These are just personal notes to keep track of my data science learning track =), but I’m sharing them hoping that they’ll be useful to somebody. Suggestions are welcome.
Intro
The “philosophy” behind this list is: getting the hands on the core data science concepts by minimizing (:D) the number of languages or new tools to learn. Since I don’t have 40hrs/wk to dedicate I want to grasp the concept and leave the tools behind. Selected tools are:
- MATLAB (which I know best)
- Python + libraries (e.g. scikit-learn, panda, matlibplot, seaborn…)
I prefer not using Julia and or R for the time being.
Foundation stones
1. Andrew’s Ng “Machine Learning” course via coursera
Strongly suggested to anybody to grasp the basic concepts.
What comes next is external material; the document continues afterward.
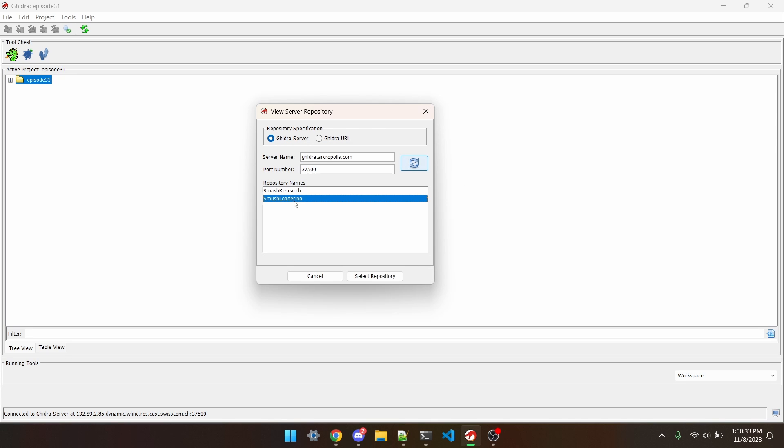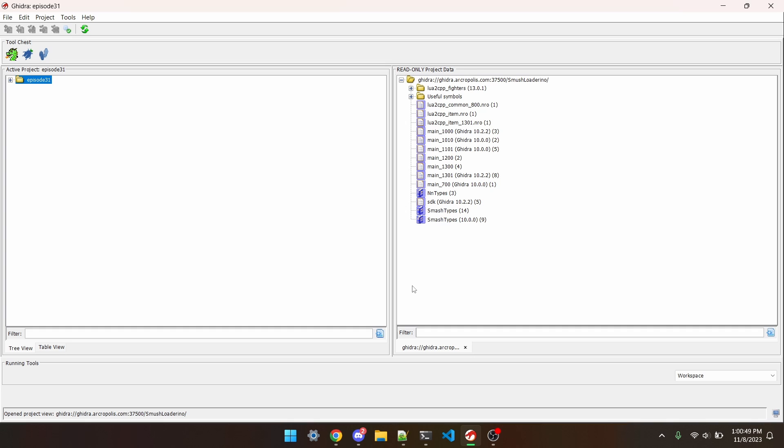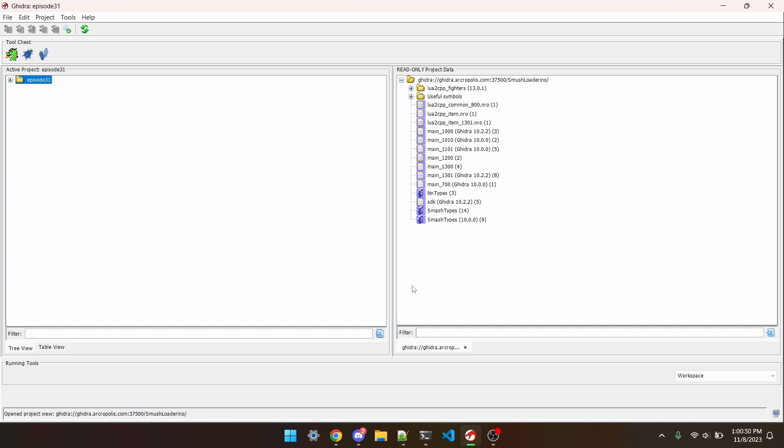If this message pops up, hit Request Anonymous Access and OK. Then once that loads, go to Smush Loaderino, and select Repository. Anything you'd like to clone, you can by dragging it from the right side to the left side. So if I wanted to see main 1301, I can drag that over. Which I'm not actually going to be doing today.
The course is relatively simple if you already took Calculus, some probability theory, some graph theory, and you already put your hands on MATLAB. The really good thing is that you are required to implement (and therefore tho deeply think) some of the most classical/basic ML algorithm. The only thing I would’ve covered is Decision Trees, but I’m sure the professor had a good reason not to include them.
Reviews are everywhere on the web (and definitively positive!), if you’re not convinced yet.
Selected additional useful resources found on the web
- python code for Andrew’s NG machine learning class (original version is develoepd in MATLAB/Octave)
- official course slides (with annotations, really useful as refresher)
- Some student’s notes.
I did the course but I won’t share the solutions/scripts, since I think it is useless and not fair.
2. Sebastian Raschka’s book: “Python Machine Learning”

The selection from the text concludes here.